Britons voted on Thursday in a knife-edge general election that could put their country’s membership of the European Union in question and raise the likelihood of independence for Scotland. Voters casting their ballots face a choice between a government led by Prime Minister David Cameron’s centre-right Conservatives or by Ed Miliband’s centre-left Labour in the closest vote in decades.
Capturing the tense mood, The Times carried a front page with the words “Judgment Day”
emblazoned over a picture of the sun setting behind Big Ben, calling it the “most important election for a generation”. “I wouldn’t say it’s exciting — its more unnerving,” said Annette, a 59-year-old community worker in south London, who declined to give her last name.
“In the past there’s been a clear demarcation, where with each party you knew exactly where you stood. Whereas now, it’s a shade of grey rather than red, or blue or green.” While the leaders of both main parties insist they can win a clear majority in the 650-seat House of Commons, they will almost certainly have to work with smaller parties to form a government.
Who will team up with whom is the big question. The last three polls released on Wednesday showed a dead heat between the two main parties, tied at 34 percent, 35 percent and 31.4 percent.
- Days of haggling -
More than 45 million Britons are eligible to vote at polling stations located everywhere from shipping containers to churches and pubs on the mainland and remote islands, which will close at 2100 GMT. Exit polls will be released at 2100 GMT and most results will emerge overnight, although the final tally of seats will not become clear until Friday afternoon.
Prime Minister David Cameron voted in his Witney constituency, but there were chaotic scenes as he emerged from the polling station when he was confronted by a person dressed as Elmo from children’s show Sesame Street as part of a protest by fathers’ rights campaigners. As she left a polling station in the city of Glasgow after casting her vote, Scottish National Party chief Nicola Sturgeon said: “My message is that we’ll stand up for Scotland but we will look to make alliances with people across the UK to make Westminster politics better.”

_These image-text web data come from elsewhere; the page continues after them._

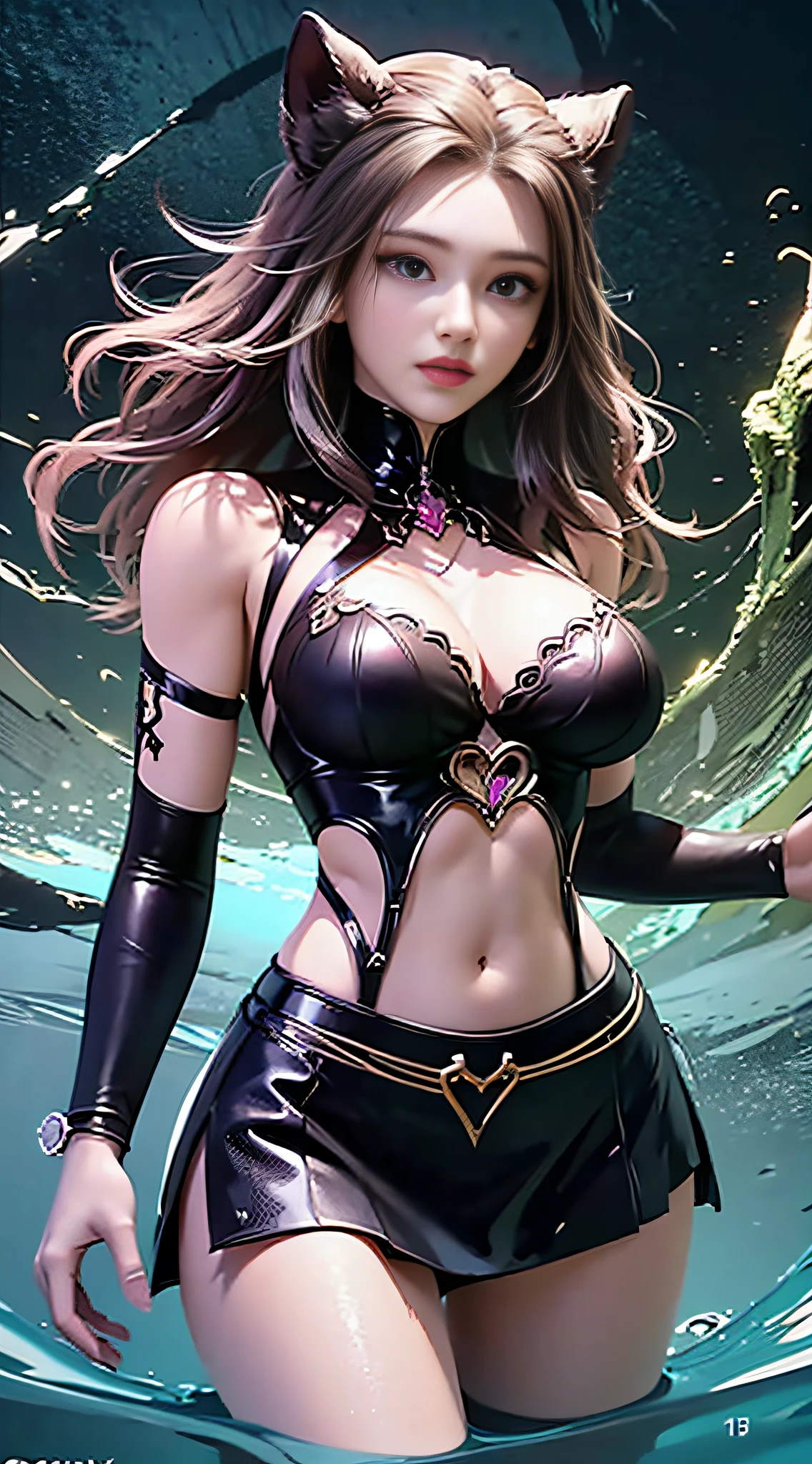 ((Dark light,top-quality,8K,tmasterpiece:1.3)),(In China,Casual theme,exteriors:1.5),standing underwater,(Beauty with slender abs:1.4),((Layered Hair Style)),((White color blouse:1.6)),((Short white lace skirt:1.3)),mediuml breasts,cleavage,Anatomically correct,Highly Detailed Face and Skin Textur, Whitens the skin,water elemental,Light element,Perfect body proportion,Epic composition,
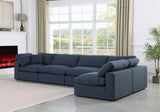 Comfy Navy Linen Textured Fabric Modular Sectional 187Navy-Sec5D Meridian Furniture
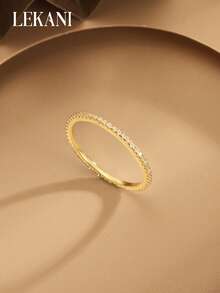 1pc S925 Sterling Silver Ring, Personalized Minimalist Design With Pave Cubic Zirconia, Pink Gold-Plated, Women Jewelry Gift, Cross-Border Premium Luxury, Fashion & Sleek Seasonal Offer - Gold - View 3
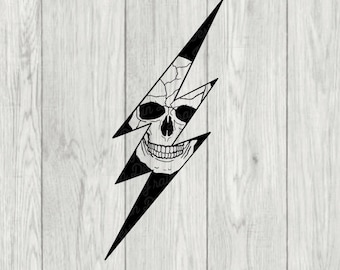 Electric Skull SVG - skull svg - lightening bolt svg - skull clipart - skull DXF - skull png - skull eps
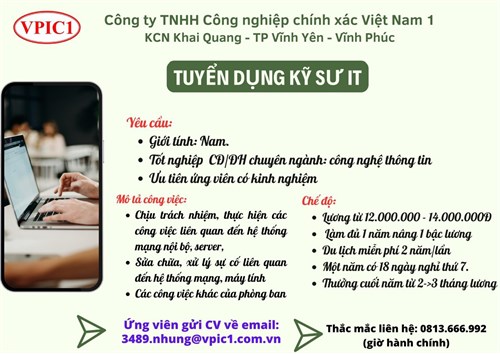 KCN Khai Quang-Vĩnh Yên-Vĩnh Phúc tuyển dụng Kỹ sư IT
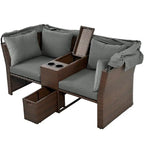 Canapé causeuse d'extérieur avec auvent pliable, coussins et porte-gobelets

If neither the Conservatives nor Labour win a clear majority, they will start days and possibly weeks of negotiations with smaller parties to try and build a bloc of around 326 seats. Latest poll data suggested that the Tories were on course to win most seats by a narrow margin, with between 274 and 289, but could be hampered in forming a government by opposition from Labour and the SNP, which wants Scotland to become independent.
Support for Sturgeon’s party, which has said it would support Labour, has soared since Scotland rejected independence in a referendum last September, potentially giving Miliband the upper hand in post-election horse-trading. The centrist Liberal Democrats, junior partners in Cameron’s coalition government set up in 2010, will also have a key role to play in negotiations and are open to working with either of the two main parties.
Farage’s UK Independence Party is only expected to win a handful of seats but could influence the result if it takes away Tory voters in marginal seats. The new government, whether led by the Conservatives or Labour, would face its first big test when lawmakers vote on its legislative programme after a traditional speech given by Queen Elizabeth II in parliament on May 27.
- Global consequences -
The election is being watched closely around the world due to the consequences it could have for the standing of Britain, a permanent member of the UN Security Council and a nuclear-armed NATO state. “A Little England does not augur well for a US foreign policy which aims specifically to empower like-minded states to share the burden of leadership,” Jeremy Shapiro, a fellow at the Brookings Institution foreign affairs think-tank in the US, wrote this week.
Another potential issue for Britain’s global status is that Cameron has promised a referendum on whether Britain, the world’s fifth biggest economy and Europe’s second largest, should leave the EU by 2017 if the Conservatives win. “This general election will determine what Britain’s place will be in the world in a way that no other general election has done previously, but the importance of this is chronically under-discussed,” Jeanne Park, deputy director of the Council on Foreign Relations, said earlier.
Reflecting the uncertainty, Britain’s FTSE 100 stock index fell to a one-month low early Thursday.